Low serum creatine kinase activity is associated with worse outcome in critically ill patients.


PMID 24703388

Abstract

To investigate the prognostic significance of low serum creatine kinase (CK) activity in intensive care unit patients. The study population consisted of 1899 patients, divided in a "normal" (CK > 20 U/L) and "low" CK group (CK ≤ 20 U/L). The latter group was divided into 2 subgroups by duration of CK activity decrease. Measurement of routine clinical chemistry parameters, calculation of critical care severity scores, and registration of length of stay and mortality rates were performed. The proportion of patients showing a low serum CK activity for at least 1 day was 15.5%. In this group, 24.5% had a prolonged CK activity decrease for at least 5 days.
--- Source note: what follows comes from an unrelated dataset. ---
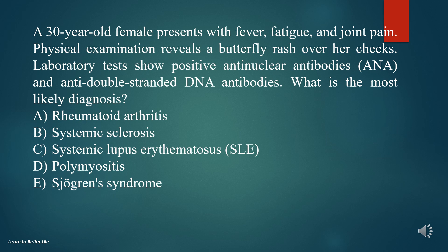A. Rheumatoid arthritis. B. Systemic sclerosis. C. Systemic lupus erythematosus. D. Polymyositis. E. Sjogren's syndrome.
Acute Physiology and Chronic Health Evaluation II and Sequential Organ Failure Assessment scores were lower in the normal than in the low CK group (P < .0001) and higher in the prolonged CK activity decrease group in comparison with the short-term CK activity decrease group (P < .0001, P = .001). A low serum CK activity was an independent predictor of mortality. Kaplan-Meier analysis showed an overall survival in the low CK group of 243 ± 152 vs 291 ± 139 days in the normal CK group (P < .0001). Low serum CK activities are associated with a higher severity of illness and higher mortality rates.